Since this wheat hasn’t been that great, we haven’t been unloading our grain cart, so the combine has to stop when he gets to the end of the field to unload on the Pete.

All Aboard Wheat Harvest is sponsored by High Plains Journal and Syngenta. You can contact Stephanie at stephanie@allaboardharvest.com.

2 Comments
  • cdsjerry
    Posted at 08:52h, 19 July

    It doesn’t look like it’s leaning because the camera is leaning. Look at the background. The ground, the trees, the world, is all leaning the other way. Rotate the picture to level then look at the grain cart again. It’s leaning! I could do it for you but how would I upload it to you?

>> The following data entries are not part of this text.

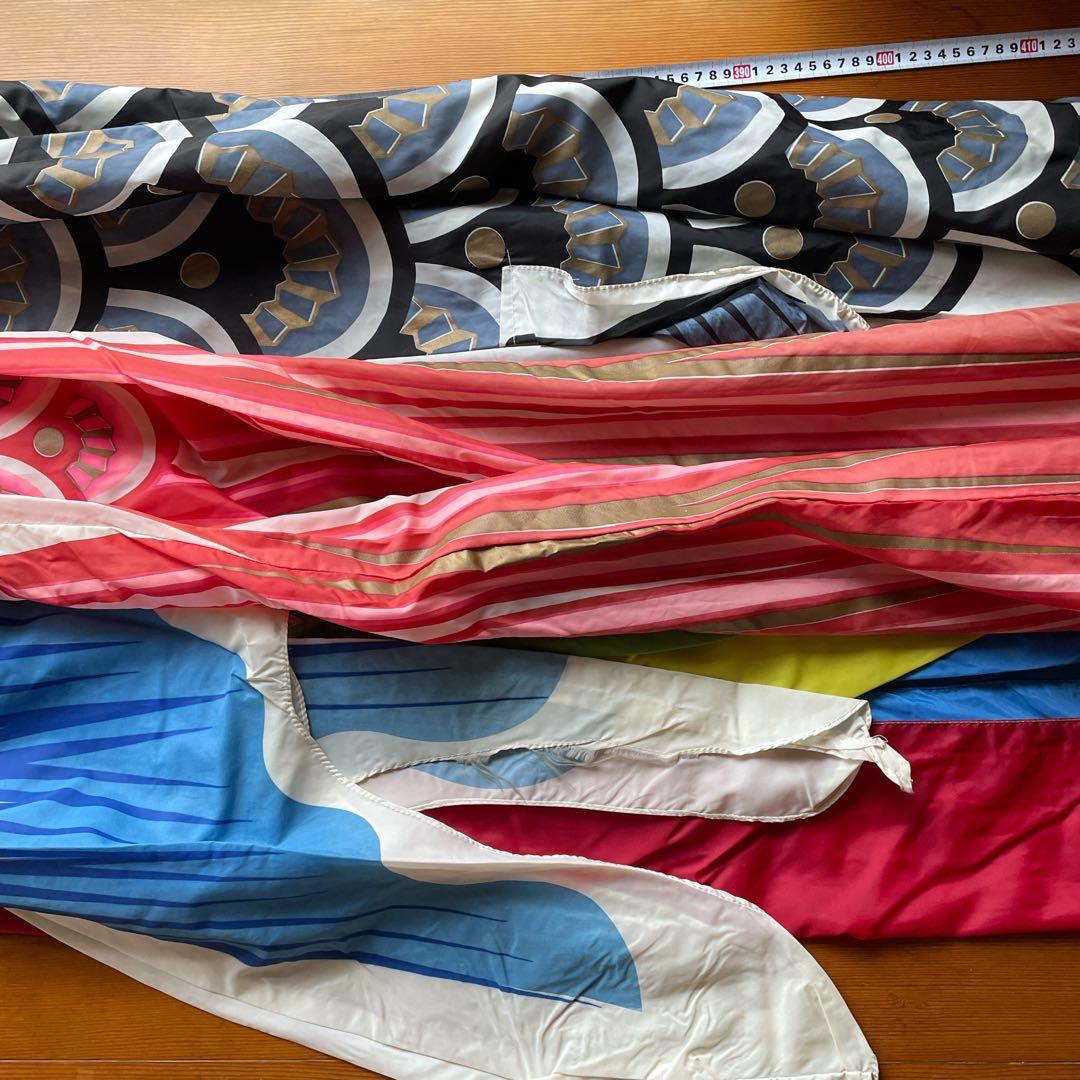 ゴールデン フジサワ鯉 旭化成ナイロン 鯉のぼり4~6m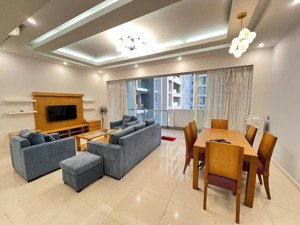 cho thuê căn hộ 3 phòng ngủ the estella - view hồ bơi - trống sẵn - giá chỉ 48 triệu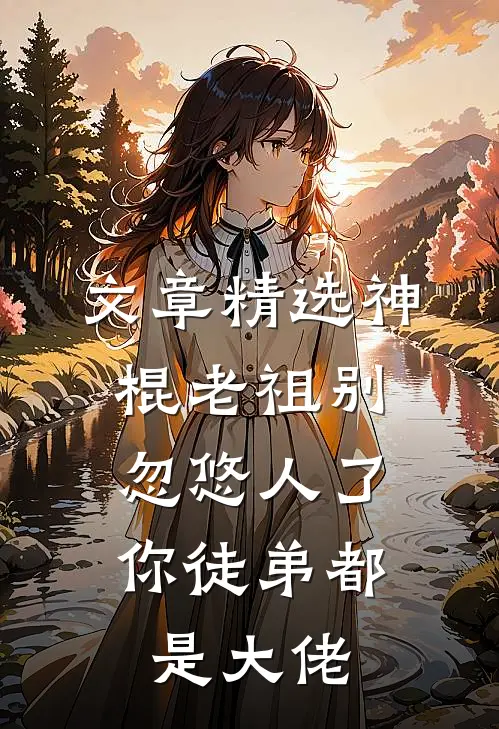 文章精选神棍老祖别忽悠人了，你徒弟都是大佬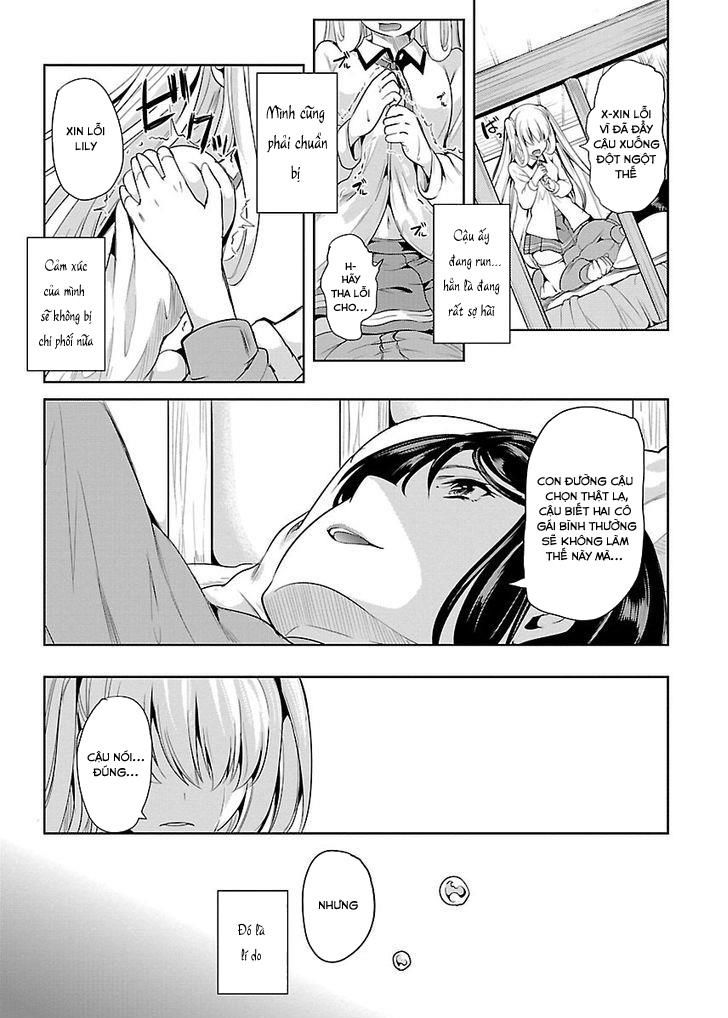 Black Lily To White Yuri Chapter 5 - 23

  • Sharon and Harry Drake
    Posted at 17:13h, 19 July

    My Great Grandparents came from Pennsylvania in the 1870’s and ended up in Edgar, Nebraska. Then later to Arapahoe, Neb. then to Kansas. But they really loved Nebraska and not sure why they came to Kansas,but Nebraska was because of the available land there. There was coal mines where they came from and decided to get out of there and have a life above ground. We came through Edgar few years ago, I see why they loved that area. Beautiful farm country.You can see the farmers and ranchers really love the land and take care of it.
    Yes, farming is always a new experience and rapid changing of machinery. You folks take care. Corn looks good here just north of the Oklahoma border at Arkansas City and Winfield. Maizes, is coming on also. Does not look like there is as much as usual. A lot of the farmers went to wheat this year.Sharon and Harry Drake July 19, 2013.